Still lifes metaphorically show the transitoriness and the man-made interventions and changes of fate. Brigitte Lustenberger has been dealing with the theme of transience for some time now - on several levels. On the one hand, there is the selection, the staging, the observation of the 'passing and withering' of objects and the photographing, the capturing on negative, which is equivalent to the pausing of a moment. Thus Lustenberger reflects on life and death, our transience - and works against it by trying to counteract decay (in a photographic way).
On the other hand, she intensively explores the medium of photography. Photography seems to stop transience, because it captures moments and seems to snatch them away from transience.
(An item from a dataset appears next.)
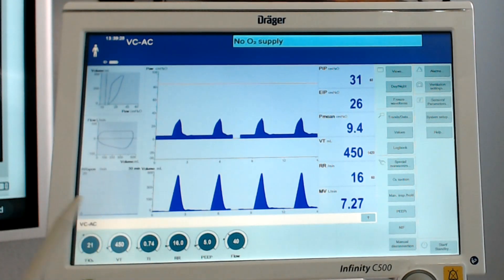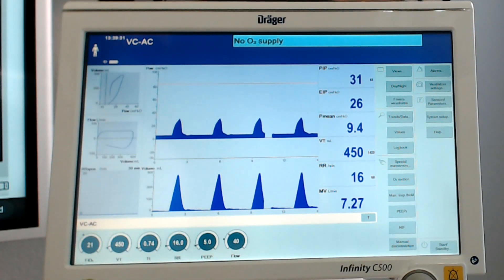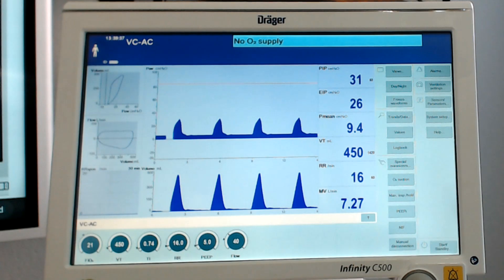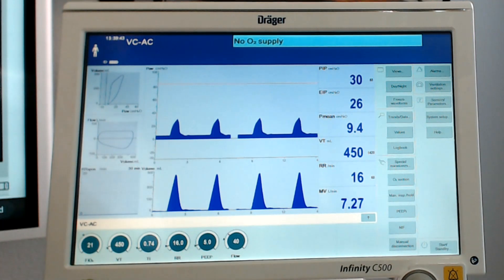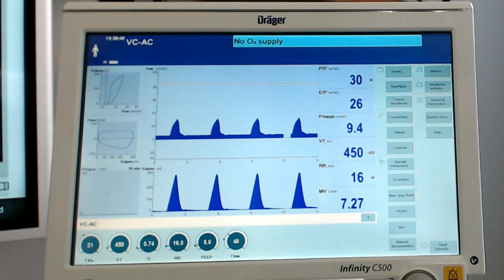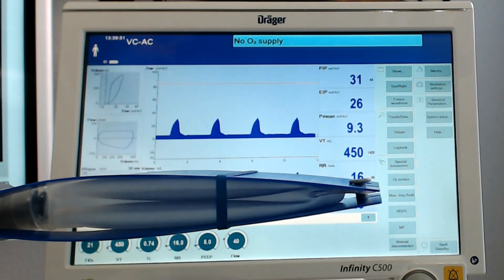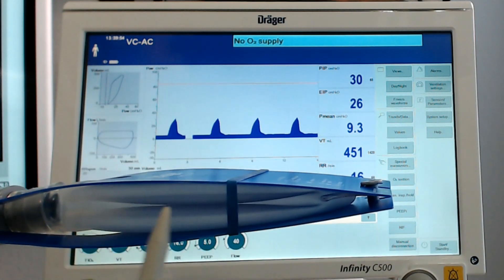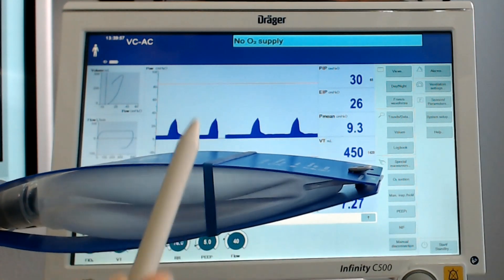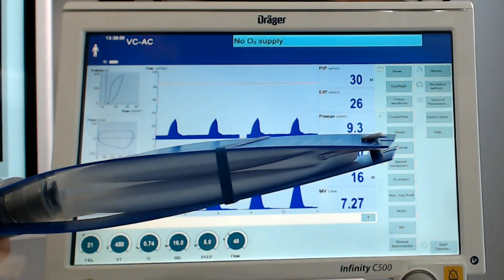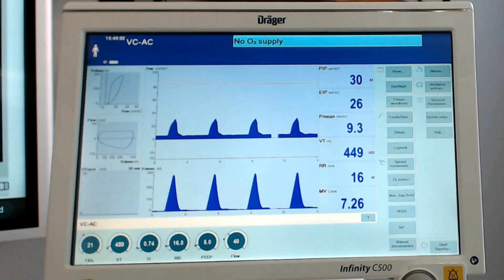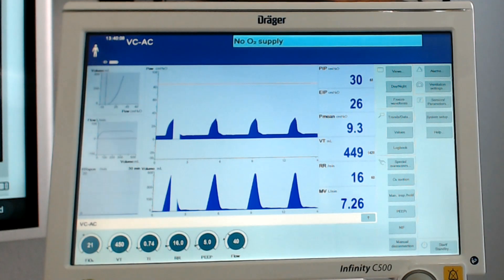Now we're going to illustrate the effects that compliance and resistance have on your parameters — meaning how much volume are we putting in, what happens to pressure when we put that volume in, and how compliance and resistance affect that. I have a test lung here with one rubber band around it. This is our starting point so I can show you a decrease in compliance, an increase in compliance, as well as a change in airway resistance.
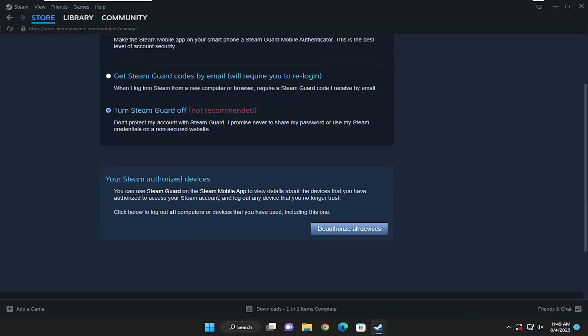You might have to scroll down here a little bit. You can use Steam Guard on the Steam mobile app to view details about devices that you have authorized to access your Steam account and log out of any devices you no longer trust. Click below to log out of all computers or devices that you have used, including this one.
But these captured moments are ultimately only representations of the past - a (supposed) imprint of an object or an event. It is therefore easy to understand that all her photographs are created in an analogous manner (negative and photographic print). The light leaves an 'imprint' on the negative, which is then left on photographic paper by a light source. In digital photography, the light still draws on the digital chip, but as soon as the image is further processed, it is translated into binary codes and the visible trace of the light disappears in zeros and ones.
She works primarily with existing light, i.e. she worked only with window light. The exposure times are often very long, between a quarter of a second and several minutes. This results in a fine light that brings the subjects out of the dark: the light draws and paints - a homage to analogue photography. The process of leaving traces on the negative thus becomes an intense experience in itself.